Location
- Hyde Park Road Landport Portsmouth, Hampshire, PO5 4HL England
- Coordinates: 50°47′48″N 1°05′16″W﻿ / ﻿50.7966°N 1.0879°W

Information
- Type: Academy
- Religious affiliation: Church of England
- Established: 1865
- Trust: Ark Schools
- Department for Education URN: 135965 Tables
- Ofsted: Reports
- Principal: Christian Down
- Gender: Co-educational
- Age: 11 to 18
- Website: http://www.charteracademy.org.uk/

= Ark Charter Academy =

Ark Charter Academy (formerly St Luke's CofE VA Secondary School) is a co-educational Church of England secondary school and sixth form. The school is located in the Landport area of Portsmouth in the English county of Hampshire.

==History==
St Luke's School was first established in 1865 as a sunday school for boys. It began to offer more general secondary education for boys and girls in 1922. During World War II, pupils attending the school were largely evacuated to the Isle of Wight, however the school remained open for the remaining students. The school buildings suffered from extensive bomb damage during the war, and new buildings were constructed during the 1960s. This allowed for a significant expansion in the schools capacity.

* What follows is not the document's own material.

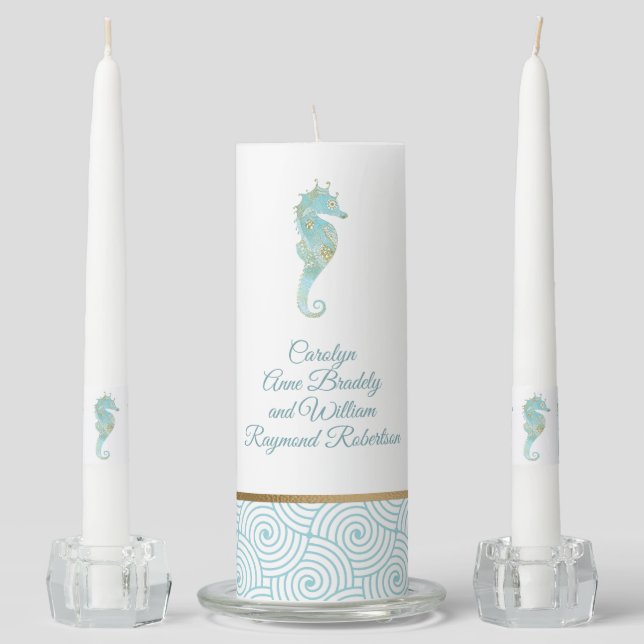 Aqua and Gold Seahorse Wedding Unity Candle Set (Front)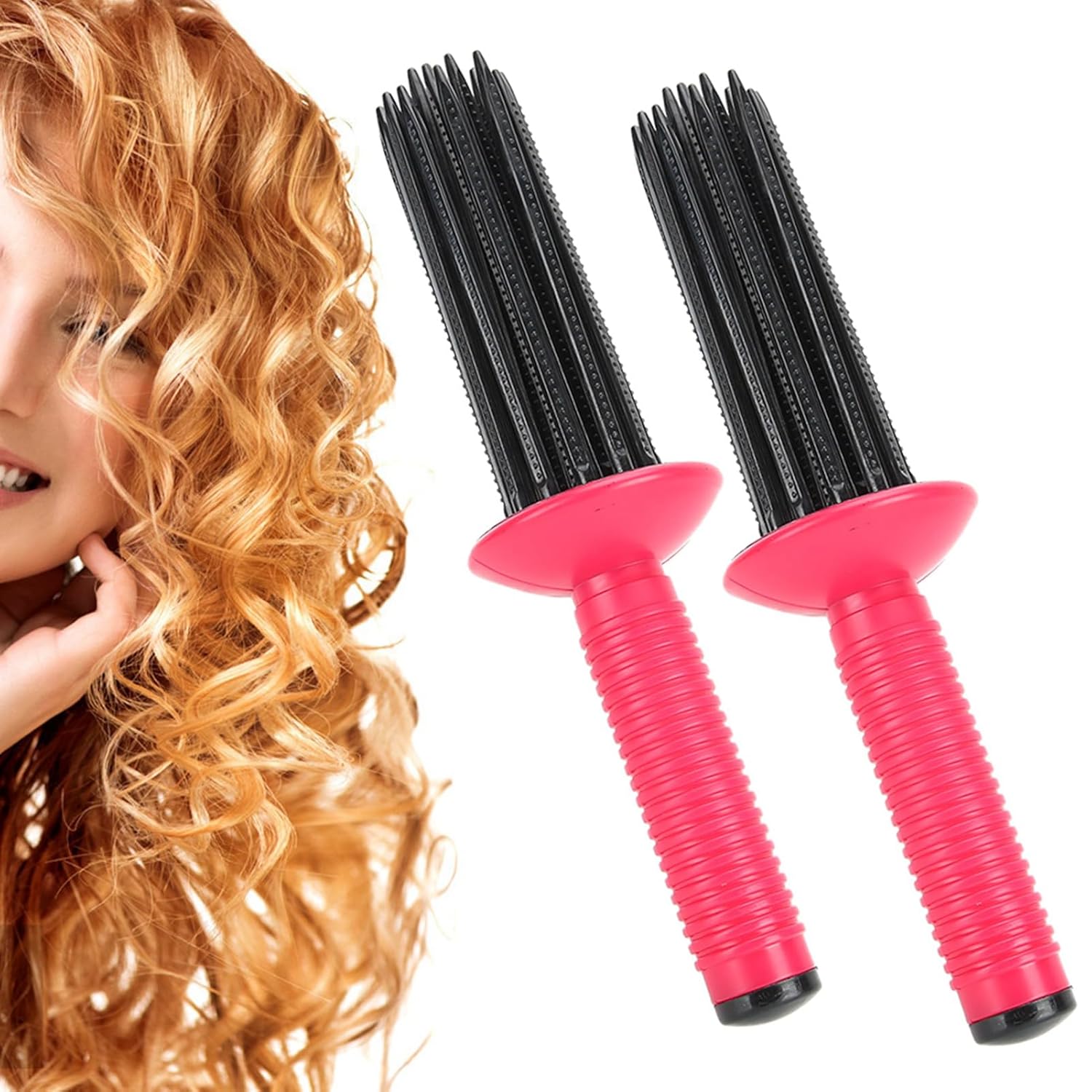 Hair Curler, Resin Material, Hair Fluffy Curling Roll Comb, Anti-Slip Curling Wand Hairstyling Tools, Portable Round Spin Brush Kit for Salon Home Personal Use-0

St Luke's went through a period of decline during the 1990s and 2000s, with pupils continuously achieving some of the poorest results in the UK. The school was put into special measures by Ofsted, and the school was threatened with closure. St Luke's was reopened as Charter Academy in September 2009, becoming one of the first schools to become an academy. The school brought in a head teacher with experience of tackling poor achievement and behaviour in London schools. They also recruited a team of ex Royal Navy sailors as pastoral support to provide discipline. Results at the school have significantly improved from being to in the bottom 3% of schools nationally with no pupils achieve 5 A*-Cs to 68% of its pupils now achieving those grades placing it above the national average and making it one of the top three schools in the city. The school was later rebranded Ark Charter Academy

==The school today==
Ark Charter Academy is sponsored by Ark and the Anglican Diocese of Portsmouth. Though it is a Church of England school, Ark Charter Academy operates a non-selective intake policy from a catchment area rather than selecting on religious background. The school offers GCSEs, BTECs and OCR Nationals as programmes of study for pupils, while students in the sixth form have the option to study from a range of A-levels. The school also has specialisms in mathematics and performing arts.